Indiana culture warriors Micah Clark and Eric Miller would have been in despair; indicators of social and cultural change were everywhere, and it went well beyond the enthusiastic participation of clergy.
The ceremony wasn’t just attended by friends and families, although there were lots of both. The sanctuary was crowded with local politicians from both political parties. The Republican Mayor was there, as were several Democratic and Republican members of the City-County Council. A number of them also came to the reception, where they mingled with the kind of large and diverse group of friends that is one of the great benefits of urban living.
I couldn’t help thinking about the first time I’d been to Talbott Street, back when it was a truly transgressive venue featuring female impersonators and frequented by patrons who were mostly still closeted. My husband and I were both in City Hall at the time, part of the Hudnut Administration, and we’d come to see a friend perform. We were enjoying the show, when I was approached by a young man I recognized as a city employee. He was absolutely ashen-faced. “Please, please,” he said, “don’t tell anyone you saw me here.”

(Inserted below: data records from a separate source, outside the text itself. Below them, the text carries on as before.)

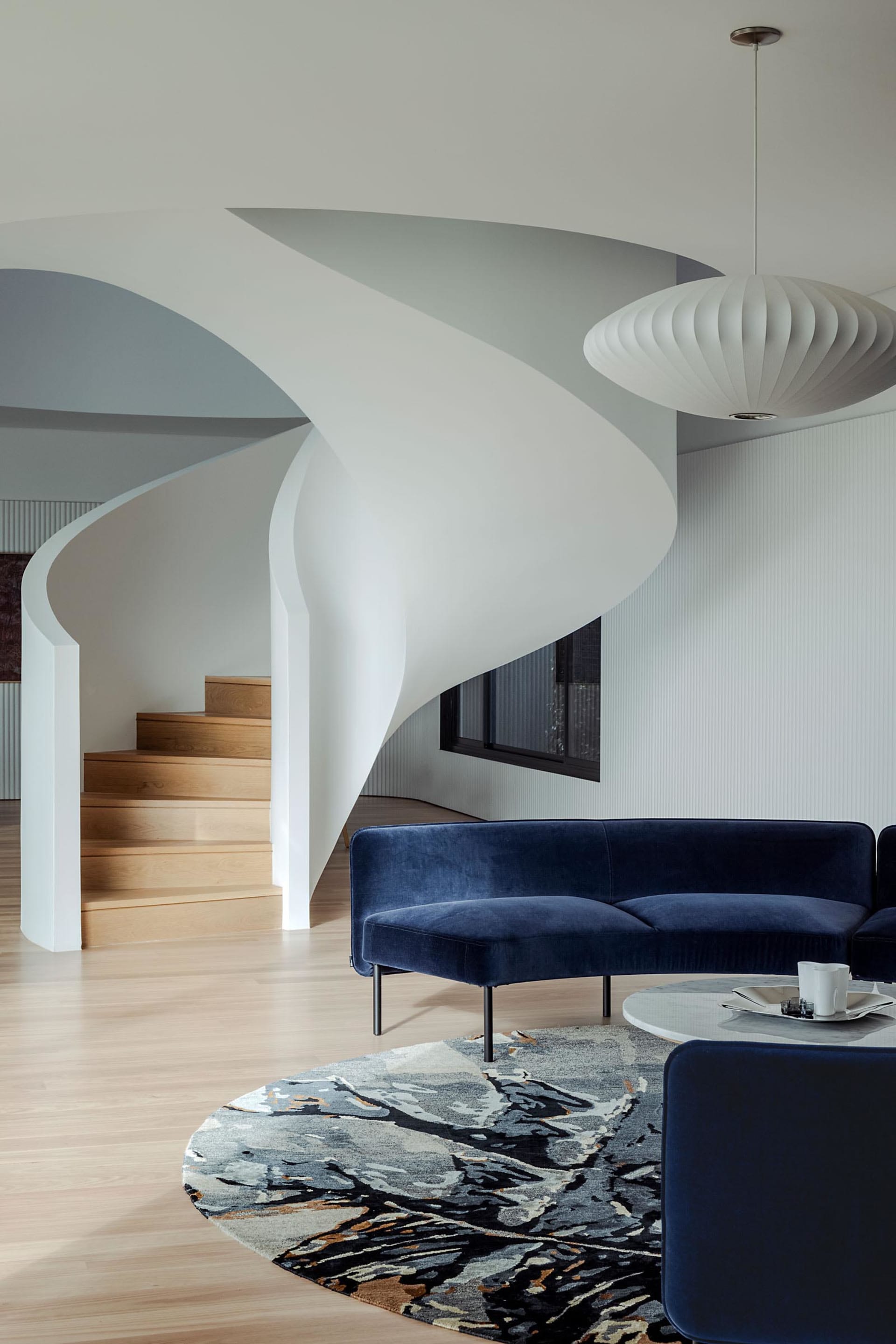 A modern living room featuring a navy blue velvet couch, a round coffee table, and a spiral staircase.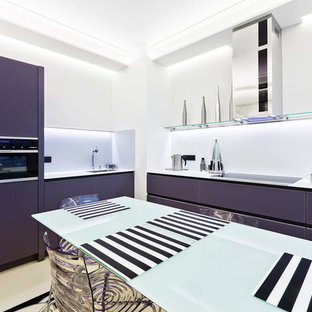 Photo of a mid-sized contemporary l-shaped eat-in kitchen in Saint Petersburg with flat-panel cabinets, white splashback, black appliances and no island.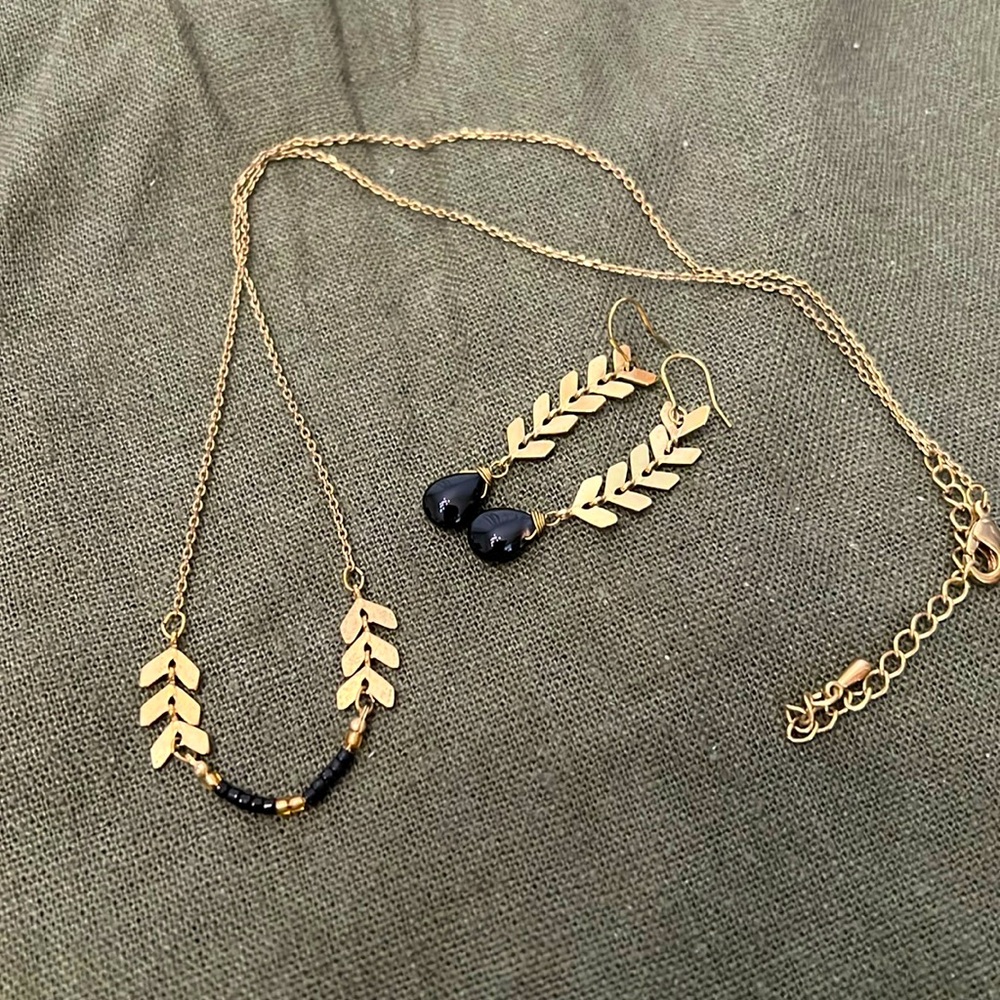 Dainty black and gold tone necklace and earring set.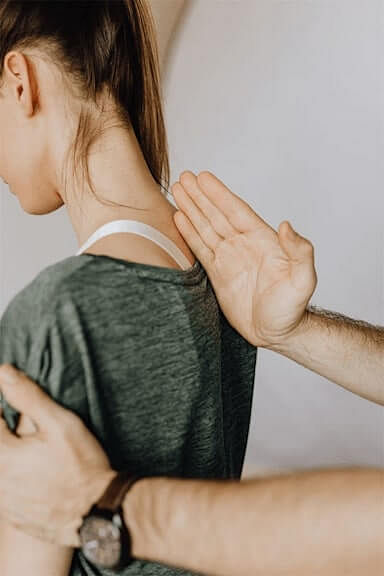 man massaging woman shoulder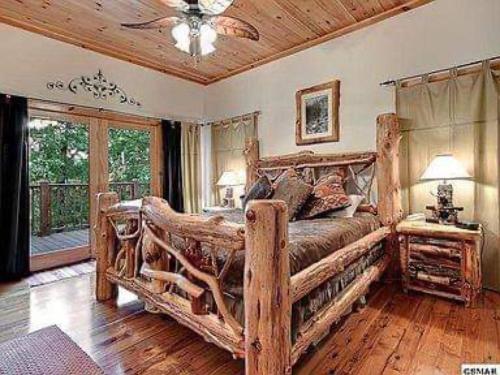 a bedroom with a large wooden bed in a room at Providence Cabin in Townsend
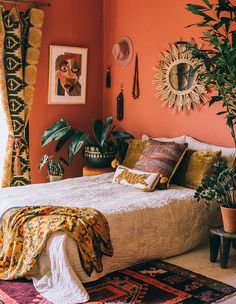 a bedroom with orange walls and plants in the corner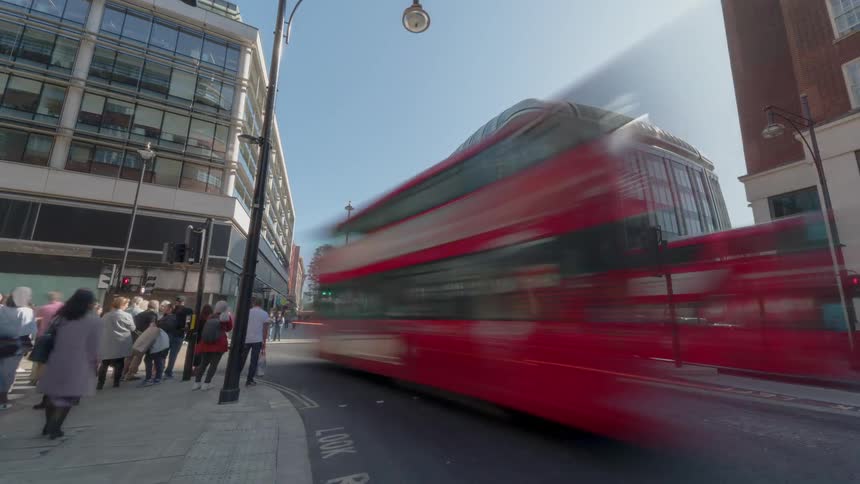 Countless pedestrians and vehicles pass by during a time lapse of this busy city intersection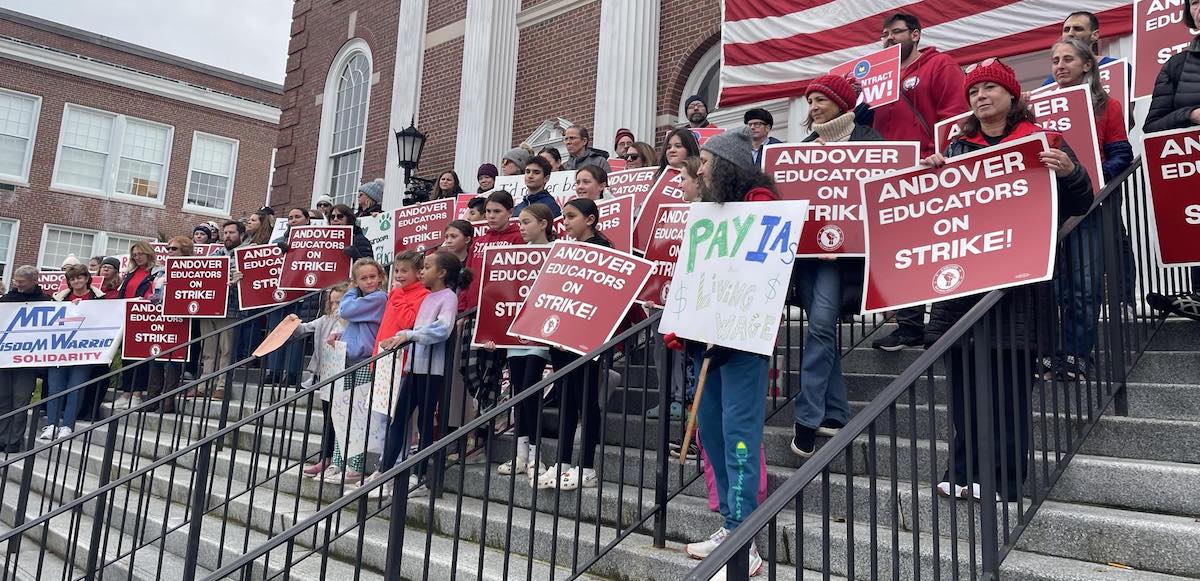 A large group of teachers stand in the steps of a large brick building holding red signs that say “Andover Educators on Strike”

That was approximately 35 years ago–a long time in my life (although the years certainly seem to have sped by) but a ridiculously brief period as social movements go.
It’s no wonder the pronouncements from the “Christian” Right have taken on a shrill and frantic quality. In what seems like the blink of an eye, GLBT folks have gone from a frightened, despised minority to a group of friends and neighbors with whom we are happy to celebrate life’s rites of passage.
Think I’m exaggerating the degree to which attitudes have changed? Yesterday, notoriously timid Indiana University announced it was joining Freedom Indiana.
Indiana’s legislators may be the last to get the memo, but homophobia is so last century!